▶ **What you will do**
In the data below, the answer is the run of lines from the line containing "#usecodealia https://t.co/HgdT4d0tis" through the line containing "CWI Elizabetta 16", both included; print it exactly and nothing else.

Short text fragments from websites:

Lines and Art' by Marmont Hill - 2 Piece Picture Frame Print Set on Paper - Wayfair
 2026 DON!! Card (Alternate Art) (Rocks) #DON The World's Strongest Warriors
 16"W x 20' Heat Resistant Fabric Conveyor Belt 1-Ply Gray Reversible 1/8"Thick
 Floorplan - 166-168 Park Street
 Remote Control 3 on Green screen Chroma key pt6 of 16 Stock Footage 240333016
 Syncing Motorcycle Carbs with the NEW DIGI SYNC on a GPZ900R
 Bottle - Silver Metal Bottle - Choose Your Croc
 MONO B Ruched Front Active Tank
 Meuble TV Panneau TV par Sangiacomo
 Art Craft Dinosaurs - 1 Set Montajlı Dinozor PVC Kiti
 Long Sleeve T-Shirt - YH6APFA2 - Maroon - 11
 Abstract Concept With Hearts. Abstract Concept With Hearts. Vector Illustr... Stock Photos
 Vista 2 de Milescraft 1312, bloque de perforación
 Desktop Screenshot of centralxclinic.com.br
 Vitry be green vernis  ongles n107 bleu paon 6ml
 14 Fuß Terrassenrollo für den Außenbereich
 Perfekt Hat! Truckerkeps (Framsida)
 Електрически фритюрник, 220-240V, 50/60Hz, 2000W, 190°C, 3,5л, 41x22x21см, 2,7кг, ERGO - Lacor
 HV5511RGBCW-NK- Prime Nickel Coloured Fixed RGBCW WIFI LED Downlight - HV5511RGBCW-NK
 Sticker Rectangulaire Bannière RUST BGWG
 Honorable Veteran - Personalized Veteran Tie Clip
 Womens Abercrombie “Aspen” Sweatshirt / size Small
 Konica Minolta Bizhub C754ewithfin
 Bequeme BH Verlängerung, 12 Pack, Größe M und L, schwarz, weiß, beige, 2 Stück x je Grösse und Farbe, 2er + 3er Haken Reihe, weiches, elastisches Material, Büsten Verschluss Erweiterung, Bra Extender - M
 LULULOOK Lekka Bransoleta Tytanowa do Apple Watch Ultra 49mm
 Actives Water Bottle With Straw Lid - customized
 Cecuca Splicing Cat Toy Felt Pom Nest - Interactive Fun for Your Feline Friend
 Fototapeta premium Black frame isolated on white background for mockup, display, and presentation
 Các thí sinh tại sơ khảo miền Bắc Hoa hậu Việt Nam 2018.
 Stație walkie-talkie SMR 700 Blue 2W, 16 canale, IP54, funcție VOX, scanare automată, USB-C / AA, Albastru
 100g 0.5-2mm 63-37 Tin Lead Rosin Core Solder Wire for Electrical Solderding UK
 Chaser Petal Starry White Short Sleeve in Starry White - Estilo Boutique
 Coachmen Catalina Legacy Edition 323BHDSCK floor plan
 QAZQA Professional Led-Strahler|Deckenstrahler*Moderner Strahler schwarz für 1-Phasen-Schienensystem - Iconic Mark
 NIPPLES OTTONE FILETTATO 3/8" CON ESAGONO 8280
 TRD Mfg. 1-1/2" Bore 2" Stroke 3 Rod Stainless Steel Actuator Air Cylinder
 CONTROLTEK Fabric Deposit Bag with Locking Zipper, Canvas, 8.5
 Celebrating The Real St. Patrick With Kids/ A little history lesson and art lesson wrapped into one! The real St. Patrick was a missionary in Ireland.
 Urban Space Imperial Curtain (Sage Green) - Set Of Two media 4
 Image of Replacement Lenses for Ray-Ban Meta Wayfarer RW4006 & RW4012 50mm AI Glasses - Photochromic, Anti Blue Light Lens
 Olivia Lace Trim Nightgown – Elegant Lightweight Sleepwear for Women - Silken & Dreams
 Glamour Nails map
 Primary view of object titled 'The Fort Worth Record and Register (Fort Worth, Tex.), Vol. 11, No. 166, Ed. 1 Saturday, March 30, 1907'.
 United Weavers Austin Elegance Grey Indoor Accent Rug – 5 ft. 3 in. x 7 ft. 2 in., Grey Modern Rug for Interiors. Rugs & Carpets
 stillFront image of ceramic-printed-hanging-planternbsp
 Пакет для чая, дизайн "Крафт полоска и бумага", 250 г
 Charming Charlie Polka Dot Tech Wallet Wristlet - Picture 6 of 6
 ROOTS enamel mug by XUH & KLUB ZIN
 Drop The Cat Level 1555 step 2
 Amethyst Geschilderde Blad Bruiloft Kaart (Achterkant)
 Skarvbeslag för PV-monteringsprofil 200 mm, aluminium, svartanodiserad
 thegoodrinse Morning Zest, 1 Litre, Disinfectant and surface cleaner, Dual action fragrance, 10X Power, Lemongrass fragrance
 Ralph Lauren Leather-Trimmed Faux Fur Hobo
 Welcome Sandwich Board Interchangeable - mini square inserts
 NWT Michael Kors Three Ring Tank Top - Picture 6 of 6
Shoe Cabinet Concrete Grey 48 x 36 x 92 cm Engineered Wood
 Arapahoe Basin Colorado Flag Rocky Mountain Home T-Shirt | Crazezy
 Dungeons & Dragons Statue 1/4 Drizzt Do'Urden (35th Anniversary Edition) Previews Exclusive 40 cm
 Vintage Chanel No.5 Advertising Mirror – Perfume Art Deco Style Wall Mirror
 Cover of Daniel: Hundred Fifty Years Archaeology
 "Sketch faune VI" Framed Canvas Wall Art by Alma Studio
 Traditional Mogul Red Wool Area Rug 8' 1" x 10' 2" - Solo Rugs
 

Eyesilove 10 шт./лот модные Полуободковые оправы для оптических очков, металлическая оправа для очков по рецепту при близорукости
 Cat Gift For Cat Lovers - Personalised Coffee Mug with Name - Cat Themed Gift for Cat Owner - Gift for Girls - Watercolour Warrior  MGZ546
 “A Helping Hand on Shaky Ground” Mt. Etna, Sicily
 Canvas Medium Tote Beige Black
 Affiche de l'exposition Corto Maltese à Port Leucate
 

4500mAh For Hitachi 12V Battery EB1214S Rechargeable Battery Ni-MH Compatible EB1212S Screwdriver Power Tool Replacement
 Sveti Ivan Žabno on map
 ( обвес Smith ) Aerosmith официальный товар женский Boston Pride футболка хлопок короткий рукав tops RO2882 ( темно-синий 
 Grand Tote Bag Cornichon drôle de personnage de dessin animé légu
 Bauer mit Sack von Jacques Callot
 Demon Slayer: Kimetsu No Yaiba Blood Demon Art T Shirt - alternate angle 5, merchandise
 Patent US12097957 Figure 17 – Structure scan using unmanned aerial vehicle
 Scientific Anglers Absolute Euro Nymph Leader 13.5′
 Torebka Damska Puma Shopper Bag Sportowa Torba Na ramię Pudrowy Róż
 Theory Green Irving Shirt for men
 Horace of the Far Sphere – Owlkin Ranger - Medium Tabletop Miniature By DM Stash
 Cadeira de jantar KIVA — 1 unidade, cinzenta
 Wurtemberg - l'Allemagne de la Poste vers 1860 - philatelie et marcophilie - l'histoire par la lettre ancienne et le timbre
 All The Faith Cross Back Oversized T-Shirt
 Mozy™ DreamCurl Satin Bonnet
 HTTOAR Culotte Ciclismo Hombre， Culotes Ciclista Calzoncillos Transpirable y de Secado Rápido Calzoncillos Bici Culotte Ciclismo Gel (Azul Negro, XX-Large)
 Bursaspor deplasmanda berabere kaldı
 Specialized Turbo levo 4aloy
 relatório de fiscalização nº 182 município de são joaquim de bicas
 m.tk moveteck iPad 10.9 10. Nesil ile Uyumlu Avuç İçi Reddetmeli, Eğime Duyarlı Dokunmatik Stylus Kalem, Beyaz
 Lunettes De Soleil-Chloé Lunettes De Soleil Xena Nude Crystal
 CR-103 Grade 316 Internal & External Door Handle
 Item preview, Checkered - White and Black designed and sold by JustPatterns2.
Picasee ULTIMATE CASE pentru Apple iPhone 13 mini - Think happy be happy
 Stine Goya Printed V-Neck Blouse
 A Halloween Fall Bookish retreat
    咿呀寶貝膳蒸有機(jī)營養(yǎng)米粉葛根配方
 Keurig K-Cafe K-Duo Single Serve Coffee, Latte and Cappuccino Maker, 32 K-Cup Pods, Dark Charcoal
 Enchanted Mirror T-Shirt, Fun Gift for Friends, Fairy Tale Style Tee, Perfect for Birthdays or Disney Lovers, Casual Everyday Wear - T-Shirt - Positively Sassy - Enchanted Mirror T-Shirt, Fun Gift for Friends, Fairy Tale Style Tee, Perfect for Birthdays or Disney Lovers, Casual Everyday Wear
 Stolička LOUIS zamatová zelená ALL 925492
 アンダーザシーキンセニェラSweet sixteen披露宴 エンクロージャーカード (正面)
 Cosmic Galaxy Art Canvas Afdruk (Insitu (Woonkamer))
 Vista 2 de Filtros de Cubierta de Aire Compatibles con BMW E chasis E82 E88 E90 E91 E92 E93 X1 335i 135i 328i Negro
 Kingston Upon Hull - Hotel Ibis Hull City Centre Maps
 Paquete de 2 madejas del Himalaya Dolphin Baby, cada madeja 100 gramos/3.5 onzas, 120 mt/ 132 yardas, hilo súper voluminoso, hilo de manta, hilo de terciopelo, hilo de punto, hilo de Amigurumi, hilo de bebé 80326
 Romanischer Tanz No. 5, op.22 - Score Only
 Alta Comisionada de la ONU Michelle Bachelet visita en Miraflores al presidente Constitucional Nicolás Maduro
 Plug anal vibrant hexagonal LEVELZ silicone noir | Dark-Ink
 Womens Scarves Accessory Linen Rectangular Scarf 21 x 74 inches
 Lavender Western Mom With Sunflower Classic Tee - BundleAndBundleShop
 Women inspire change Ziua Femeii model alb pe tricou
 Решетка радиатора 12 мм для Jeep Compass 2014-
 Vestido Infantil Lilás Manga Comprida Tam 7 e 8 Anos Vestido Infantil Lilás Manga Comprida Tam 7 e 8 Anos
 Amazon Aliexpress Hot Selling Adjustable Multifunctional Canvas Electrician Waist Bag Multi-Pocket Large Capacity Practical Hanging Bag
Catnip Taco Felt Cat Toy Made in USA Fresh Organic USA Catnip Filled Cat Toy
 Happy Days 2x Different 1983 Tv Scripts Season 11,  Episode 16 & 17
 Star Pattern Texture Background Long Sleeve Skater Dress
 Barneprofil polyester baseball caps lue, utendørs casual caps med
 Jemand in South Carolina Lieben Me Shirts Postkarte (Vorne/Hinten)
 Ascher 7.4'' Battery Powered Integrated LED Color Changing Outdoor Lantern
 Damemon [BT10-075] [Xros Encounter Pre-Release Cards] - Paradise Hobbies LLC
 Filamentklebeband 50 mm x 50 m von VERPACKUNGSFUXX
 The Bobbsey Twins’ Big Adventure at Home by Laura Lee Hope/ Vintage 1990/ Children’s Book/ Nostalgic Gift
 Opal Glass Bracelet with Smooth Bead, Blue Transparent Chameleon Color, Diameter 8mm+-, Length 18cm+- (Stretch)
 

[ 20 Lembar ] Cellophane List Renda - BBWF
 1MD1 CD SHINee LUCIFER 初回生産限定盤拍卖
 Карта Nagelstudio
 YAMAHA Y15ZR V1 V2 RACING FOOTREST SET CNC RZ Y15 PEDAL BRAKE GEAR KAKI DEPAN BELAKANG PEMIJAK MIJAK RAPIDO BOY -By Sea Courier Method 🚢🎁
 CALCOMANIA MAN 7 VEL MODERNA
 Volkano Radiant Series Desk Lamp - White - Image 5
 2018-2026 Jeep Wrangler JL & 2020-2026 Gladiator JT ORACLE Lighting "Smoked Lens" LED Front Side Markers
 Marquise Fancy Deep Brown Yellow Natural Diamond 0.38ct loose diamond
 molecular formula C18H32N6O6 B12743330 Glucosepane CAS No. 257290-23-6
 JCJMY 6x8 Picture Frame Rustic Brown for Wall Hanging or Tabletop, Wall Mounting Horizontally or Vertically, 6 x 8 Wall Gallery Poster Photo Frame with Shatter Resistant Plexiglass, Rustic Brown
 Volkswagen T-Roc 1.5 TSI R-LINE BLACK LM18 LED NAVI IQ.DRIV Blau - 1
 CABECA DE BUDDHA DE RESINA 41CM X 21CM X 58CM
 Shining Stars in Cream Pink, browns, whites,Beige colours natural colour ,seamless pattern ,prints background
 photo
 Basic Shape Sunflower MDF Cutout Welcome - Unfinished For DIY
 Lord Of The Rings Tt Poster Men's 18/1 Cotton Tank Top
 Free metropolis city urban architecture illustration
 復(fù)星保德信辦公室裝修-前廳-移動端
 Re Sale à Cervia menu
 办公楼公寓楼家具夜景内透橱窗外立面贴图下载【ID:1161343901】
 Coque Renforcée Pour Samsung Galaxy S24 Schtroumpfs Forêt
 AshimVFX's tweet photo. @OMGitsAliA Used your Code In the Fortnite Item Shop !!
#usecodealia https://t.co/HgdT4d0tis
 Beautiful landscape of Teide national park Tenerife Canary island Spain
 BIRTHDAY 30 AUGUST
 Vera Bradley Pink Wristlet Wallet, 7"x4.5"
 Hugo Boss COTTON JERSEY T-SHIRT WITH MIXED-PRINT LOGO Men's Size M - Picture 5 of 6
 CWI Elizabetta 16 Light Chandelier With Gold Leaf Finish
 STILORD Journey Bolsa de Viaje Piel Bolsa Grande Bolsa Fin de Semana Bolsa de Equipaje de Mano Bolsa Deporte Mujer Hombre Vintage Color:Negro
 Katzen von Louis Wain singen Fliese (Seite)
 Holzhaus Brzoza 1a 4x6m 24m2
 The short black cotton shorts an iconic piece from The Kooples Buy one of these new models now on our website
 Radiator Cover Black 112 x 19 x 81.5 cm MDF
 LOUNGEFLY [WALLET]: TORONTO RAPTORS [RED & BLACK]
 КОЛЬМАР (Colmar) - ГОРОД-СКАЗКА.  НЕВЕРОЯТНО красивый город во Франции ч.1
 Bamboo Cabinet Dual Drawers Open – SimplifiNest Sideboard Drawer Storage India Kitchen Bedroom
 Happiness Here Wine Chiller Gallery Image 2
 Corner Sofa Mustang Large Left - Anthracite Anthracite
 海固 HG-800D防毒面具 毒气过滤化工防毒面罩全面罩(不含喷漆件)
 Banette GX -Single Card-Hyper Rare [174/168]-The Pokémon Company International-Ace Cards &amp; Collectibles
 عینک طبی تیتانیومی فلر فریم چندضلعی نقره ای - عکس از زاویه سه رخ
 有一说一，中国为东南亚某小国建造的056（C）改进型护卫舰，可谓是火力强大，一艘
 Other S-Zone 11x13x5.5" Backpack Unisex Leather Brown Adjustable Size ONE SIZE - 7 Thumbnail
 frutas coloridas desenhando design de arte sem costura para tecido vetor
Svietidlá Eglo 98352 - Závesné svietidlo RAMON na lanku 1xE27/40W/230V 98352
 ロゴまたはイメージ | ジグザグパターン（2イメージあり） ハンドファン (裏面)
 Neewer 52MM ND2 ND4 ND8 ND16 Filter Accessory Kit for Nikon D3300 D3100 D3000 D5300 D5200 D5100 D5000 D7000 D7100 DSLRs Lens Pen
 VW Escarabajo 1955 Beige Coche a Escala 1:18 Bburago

▶ **Your response**
#usecodealia https://t.co/HgdT4d0tis
 Beautiful landscape of Teide national park Tenerife Canary island Spain
 BIRTHDAY 30 AUGUST
 Vera Bradley Pink Wristlet Wallet, 7"x4.5"
 Hugo Boss COTTON JERSEY T-SHIRT WITH MIXED-PRINT LOGO Men's Size M - Picture 5 of 6
 CWI Elizabetta 16 Light Chandelier With Gold Leaf Finish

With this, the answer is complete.